TASK: All lines ahead of the one containing "Ручка защелка DK682" are to be left out; that line and each one after it, through the end of the records below, are to be duplicated exactly.

*** RECORDS PROVIDED Section Begins ***

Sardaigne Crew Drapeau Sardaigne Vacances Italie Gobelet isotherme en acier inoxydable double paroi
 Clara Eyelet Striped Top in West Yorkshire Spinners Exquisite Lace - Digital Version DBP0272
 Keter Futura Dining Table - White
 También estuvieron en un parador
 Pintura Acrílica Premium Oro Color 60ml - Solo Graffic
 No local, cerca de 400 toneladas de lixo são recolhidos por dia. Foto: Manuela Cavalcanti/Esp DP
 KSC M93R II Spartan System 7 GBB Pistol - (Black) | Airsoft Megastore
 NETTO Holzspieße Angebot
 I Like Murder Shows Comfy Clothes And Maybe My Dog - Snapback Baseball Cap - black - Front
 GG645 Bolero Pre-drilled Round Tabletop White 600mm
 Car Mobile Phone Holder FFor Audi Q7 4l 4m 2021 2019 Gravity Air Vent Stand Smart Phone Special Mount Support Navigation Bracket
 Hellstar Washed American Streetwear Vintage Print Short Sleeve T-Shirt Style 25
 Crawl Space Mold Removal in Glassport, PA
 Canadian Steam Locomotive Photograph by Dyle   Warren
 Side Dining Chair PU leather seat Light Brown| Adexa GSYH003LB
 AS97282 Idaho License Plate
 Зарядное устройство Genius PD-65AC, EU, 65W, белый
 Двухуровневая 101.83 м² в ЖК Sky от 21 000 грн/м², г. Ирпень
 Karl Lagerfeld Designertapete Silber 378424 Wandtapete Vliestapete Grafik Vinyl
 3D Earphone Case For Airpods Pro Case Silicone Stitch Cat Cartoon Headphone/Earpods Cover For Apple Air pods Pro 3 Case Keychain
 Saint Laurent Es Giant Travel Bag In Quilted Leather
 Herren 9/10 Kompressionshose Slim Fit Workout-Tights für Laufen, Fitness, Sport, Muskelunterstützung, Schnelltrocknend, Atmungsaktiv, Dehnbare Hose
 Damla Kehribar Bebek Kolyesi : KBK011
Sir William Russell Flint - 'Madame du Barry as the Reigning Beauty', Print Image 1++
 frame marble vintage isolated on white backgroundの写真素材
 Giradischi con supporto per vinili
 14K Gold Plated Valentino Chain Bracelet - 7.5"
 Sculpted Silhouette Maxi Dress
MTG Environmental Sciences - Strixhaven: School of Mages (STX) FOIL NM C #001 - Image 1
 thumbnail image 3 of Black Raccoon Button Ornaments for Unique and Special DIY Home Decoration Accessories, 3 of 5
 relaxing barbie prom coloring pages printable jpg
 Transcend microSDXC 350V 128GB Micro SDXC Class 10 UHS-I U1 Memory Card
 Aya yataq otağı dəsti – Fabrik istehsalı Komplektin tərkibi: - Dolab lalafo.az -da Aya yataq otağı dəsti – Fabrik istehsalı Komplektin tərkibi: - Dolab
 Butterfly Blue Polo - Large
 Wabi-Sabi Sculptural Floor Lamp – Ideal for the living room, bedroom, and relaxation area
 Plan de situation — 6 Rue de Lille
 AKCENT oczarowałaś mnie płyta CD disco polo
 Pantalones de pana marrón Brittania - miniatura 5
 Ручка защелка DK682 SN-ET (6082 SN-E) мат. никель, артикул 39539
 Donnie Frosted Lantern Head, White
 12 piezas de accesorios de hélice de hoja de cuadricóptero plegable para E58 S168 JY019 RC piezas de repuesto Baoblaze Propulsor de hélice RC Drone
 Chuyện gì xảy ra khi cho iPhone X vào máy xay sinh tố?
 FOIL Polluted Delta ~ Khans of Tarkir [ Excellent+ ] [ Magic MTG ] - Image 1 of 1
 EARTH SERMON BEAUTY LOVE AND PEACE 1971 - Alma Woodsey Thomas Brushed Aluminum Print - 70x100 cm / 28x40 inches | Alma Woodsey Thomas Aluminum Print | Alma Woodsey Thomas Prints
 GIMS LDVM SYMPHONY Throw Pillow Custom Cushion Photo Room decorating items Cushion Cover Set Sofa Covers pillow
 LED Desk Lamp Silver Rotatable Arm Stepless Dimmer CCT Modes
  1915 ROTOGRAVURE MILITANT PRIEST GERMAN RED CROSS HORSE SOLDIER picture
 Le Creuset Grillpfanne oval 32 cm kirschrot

*** RECORDS PROVIDED Section Ends ***

TASK SOLUTION:
 Ручка защелка DK682 SN-ET (6082 SN-E) мат. никель, артикул 39539
 Donnie Frosted Lantern Head, White
 12 piezas de accesorios de hélice de hoja de cuadricóptero plegable para E58 S168 JY019 RC piezas de repuesto Baoblaze Propulsor de hélice RC Drone
 Chuyện gì xảy ra khi cho iPhone X vào máy xay sinh tố?
 FOIL Polluted Delta ~ Khans of Tarkir [ Excellent+ ] [ Magic MTG ] - Image 1 of 1
 EARTH SERMON BEAUTY LOVE AND PEACE 1971 - Alma Woodsey Thomas Brushed Aluminum Print - 70x100 cm / 28x40 inches | Alma Woodsey Thomas Aluminum Print | Alma Woodsey Thomas Prints
 GIMS LDVM SYMPHONY Throw Pillow Custom Cushion Photo Room decorating items Cushion Cover Set Sofa Covers pillow
 LED Desk Lamp Silver Rotatable Arm Stepless Dimmer CCT Modes
  1915 ROTOGRAVURE MILITANT PRIEST GERMAN RED CROSS HORSE SOLDIER picture
 Le Creuset Grillpfanne oval 32 cm kirschrot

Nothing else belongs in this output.